An implementation of exponential growth elements.

INPUT:

• parent – an ExponentialGrowthGroup.

• raw_element – an element from the base ring of the parent.

This raw_element is the base of the created exponential growth element.

An exponential growth element represents a term of the type $$\operatorname{base}^{\operatorname{variable}}$$. The multiplication corresponds to the multiplication of the bases.

EXAMPLES:

sage: from sage.rings.asymptotic.growth_group import GrowthGroup
sage: P = GrowthGroup('(ZZ_+)^x')
sage: e1 = P(1); e1
1
sage: e2 = P(raw_element=2); e2
2^x
sage: e1 == e2
False
sage: P.le(e1, e2)
True
sage: P.le(e1, P(1)) and P.le(P(1), e2)
True

base

The base of this exponential growth element.

EXAMPLES:

sage: from sage.rings.asymptotic.growth_group import GrowthGroup
sage: P = GrowthGroup('(ZZ_+)^x')
sage: P(42^x).base
42

class sage.rings.asymptotic.growth_group.ExponentialGrowthGroup(base, *args, **kwds)

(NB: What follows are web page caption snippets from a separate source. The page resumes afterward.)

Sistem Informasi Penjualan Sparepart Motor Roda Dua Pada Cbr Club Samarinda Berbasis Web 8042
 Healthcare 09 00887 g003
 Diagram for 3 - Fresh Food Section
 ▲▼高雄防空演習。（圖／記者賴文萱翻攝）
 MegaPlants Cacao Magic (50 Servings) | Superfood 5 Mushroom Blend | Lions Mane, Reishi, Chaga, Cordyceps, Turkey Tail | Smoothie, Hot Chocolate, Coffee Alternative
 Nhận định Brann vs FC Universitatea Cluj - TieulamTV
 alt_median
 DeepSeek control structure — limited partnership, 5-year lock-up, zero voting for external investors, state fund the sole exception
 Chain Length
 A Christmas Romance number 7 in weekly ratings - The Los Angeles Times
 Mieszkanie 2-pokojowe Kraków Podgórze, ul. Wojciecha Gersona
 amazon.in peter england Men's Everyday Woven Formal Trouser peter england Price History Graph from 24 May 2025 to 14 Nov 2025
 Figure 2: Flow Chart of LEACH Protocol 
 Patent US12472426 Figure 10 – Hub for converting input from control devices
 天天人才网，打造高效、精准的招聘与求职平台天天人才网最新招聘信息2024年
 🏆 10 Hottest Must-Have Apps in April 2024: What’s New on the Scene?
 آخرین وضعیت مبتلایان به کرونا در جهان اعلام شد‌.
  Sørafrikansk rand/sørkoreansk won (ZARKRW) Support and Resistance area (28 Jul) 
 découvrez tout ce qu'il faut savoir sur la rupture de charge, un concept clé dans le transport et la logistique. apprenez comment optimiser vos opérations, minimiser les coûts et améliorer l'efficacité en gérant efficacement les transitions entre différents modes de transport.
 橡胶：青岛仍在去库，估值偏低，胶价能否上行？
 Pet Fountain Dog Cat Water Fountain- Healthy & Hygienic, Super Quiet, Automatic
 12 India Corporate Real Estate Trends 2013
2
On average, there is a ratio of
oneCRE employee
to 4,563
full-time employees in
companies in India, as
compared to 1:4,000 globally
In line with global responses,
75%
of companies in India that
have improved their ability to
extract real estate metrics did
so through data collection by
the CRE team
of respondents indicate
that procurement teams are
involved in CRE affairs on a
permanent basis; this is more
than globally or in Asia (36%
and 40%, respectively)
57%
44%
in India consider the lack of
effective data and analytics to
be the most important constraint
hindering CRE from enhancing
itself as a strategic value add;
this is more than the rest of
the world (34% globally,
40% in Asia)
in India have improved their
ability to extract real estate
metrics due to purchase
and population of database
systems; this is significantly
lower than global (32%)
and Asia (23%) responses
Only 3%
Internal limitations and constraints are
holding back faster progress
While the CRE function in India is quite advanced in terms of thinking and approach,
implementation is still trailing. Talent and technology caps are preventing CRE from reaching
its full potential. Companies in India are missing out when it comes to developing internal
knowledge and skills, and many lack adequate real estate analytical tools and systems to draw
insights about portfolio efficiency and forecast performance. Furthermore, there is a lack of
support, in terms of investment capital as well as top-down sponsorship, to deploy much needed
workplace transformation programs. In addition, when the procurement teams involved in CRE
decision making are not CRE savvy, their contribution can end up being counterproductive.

A growth group dealing with expressions involving a fixed variable/symbol as the exponent.

The elements ExponentialGrowthElement of this group represent exponential functions with bases from a fixed base ring; the group law is the multiplication.

INPUT:

• base – one of SageMath’s parents, out of which the elements get their data (raw_element).

As exponential expressions are represented by this group, the elements in base are the bases of these exponentials.

• var – an object.

The string representation of var acts as an exponent of the elements represented by this group.

• category – (default: None) the category of the newly created growth group. It has to be a subcategory of Join of Category of groups and Category of posets. This is also the default category if None is specified.

EXAMPLES:

sage: from sage.rings.asymptotic.growth_group import ExponentialGrowthGroup
sage: P = ExponentialGrowthGroup(QQ, 'x'); P
Growth Group QQ^x

DivisionRings
Element
Groups
Magmas
Posets
Sets
construction()

Return the construction of this growth group.

OUTPUT:

A pair whose first entry is an exponential construction functor and its second entry the base.

EXAMPLES:

sage: from sage.rings.asymptotic.growth_group import GrowthGroup
sage: GrowthGroup('(QQ_+)^x').construction()
(ExponentialGrowthGroup[x], Rational Field)

classmethod factory(base, var, extend_by_non_growth_group=True, return_factors=False, **kwds)

Create an exponential growth group.

This factory takes care of the splitting of the bases into their absolute values and arguments.

INPUT:

• base, var, keywords – use in the initialization of the exponential growth group; see ExponentialGrowthGroup for details.

• extend_by_non_growth_group – a boolean (default True). If set, then the growth group consists of two parts, one part dealing with the absolute values of the bases and one for their arguments.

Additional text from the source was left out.